Destarte, vislumbrava-se na visão dos doutrinadores tradicionalistas aqui invocados, reservando o devido respeito a suas contribuições jurídicas, uma nítida noção da mulher objetificada. Reforçando tal realidade, basta mencionar o título ao qual a proteção à sua liberdade sexual e à sua honra é encaixado: Crime contra os costumes - e não contra sua pessoa.
Comprovando este entendimento, o seguinte acórdão manifesta a postura de alguns magistrados:
Inadmissibilidade da prática do crime do marido contra mulher - RT 461/44 TAGB: "Exercício regular de direito. Marido que fere levemente a esposa, ao constrangê-la à prática de conjunção sexual normal. Recusa injusta da mesma, alegando cansaço. Absolvição mantida. [...] (MIRABETE, 1999, p. 1246, grifo do autor).

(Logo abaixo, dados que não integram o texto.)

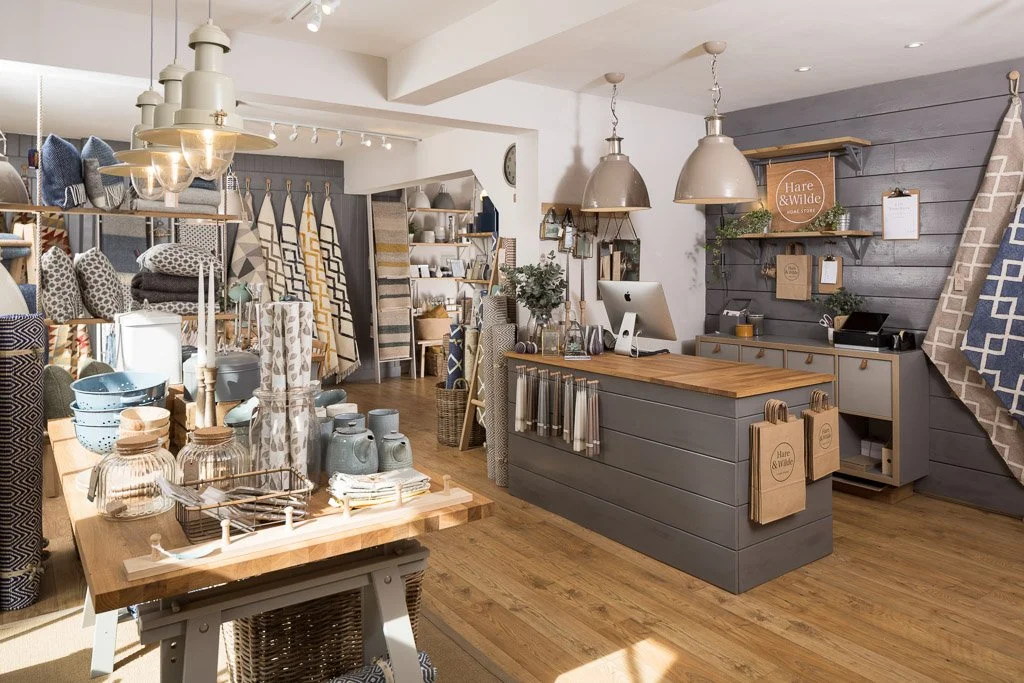 internal shot including of interior shop 'hare and wild'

Ainda, o Código Penal pátrio nos traz mais um dispositivo esclarecedor na medida em que, analisando o art. 23, caput: "não há crime quando o agente pratica o fato: I- em estado de necessidade; II- em legítima defesa; III- em estrito cumprimento do dever legal ou exercício regular de direito". Se levado em consideração o inciso III do artigo supracitado para justificar um delito, seja ele cometido por quem for, estaremos diante de uma violência institucional. A lei é geral, logo, é para todos. O art.213 do CP. é bastante claro quando não escusa ninguém que cometa a conduta típica de ser devidamente punido. (MIRABETE, 1999).

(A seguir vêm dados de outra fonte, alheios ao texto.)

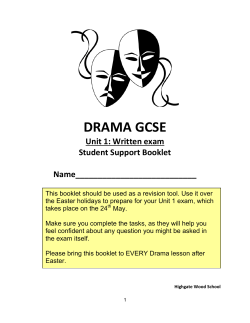 Drama Revision Guide - Highgate Wood School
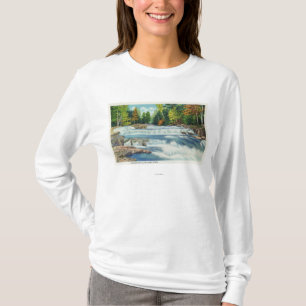 T-shirt Vue des automnes sauvages de rivière et de Jackso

Assim sendo, quanto à legislação, não existe tipificação específica para punir o estupro marital. Conquanto, também não há nenhum dispositivo legal que obrigue a mulher casada a ceder aos anseios sexuais do marido sem a sua volição. Batista (1976, p. 71) finaliza:
[...] a posição predominante pode assim ser sintetizada: o marido não pode cometer violência contra a mulher, salvo se for para obrigá-la à conjunção carnal. Se isto faz algum sentido, é o sentido de que a bestialidade e o desrespeito só encontram guarida no matrimônio.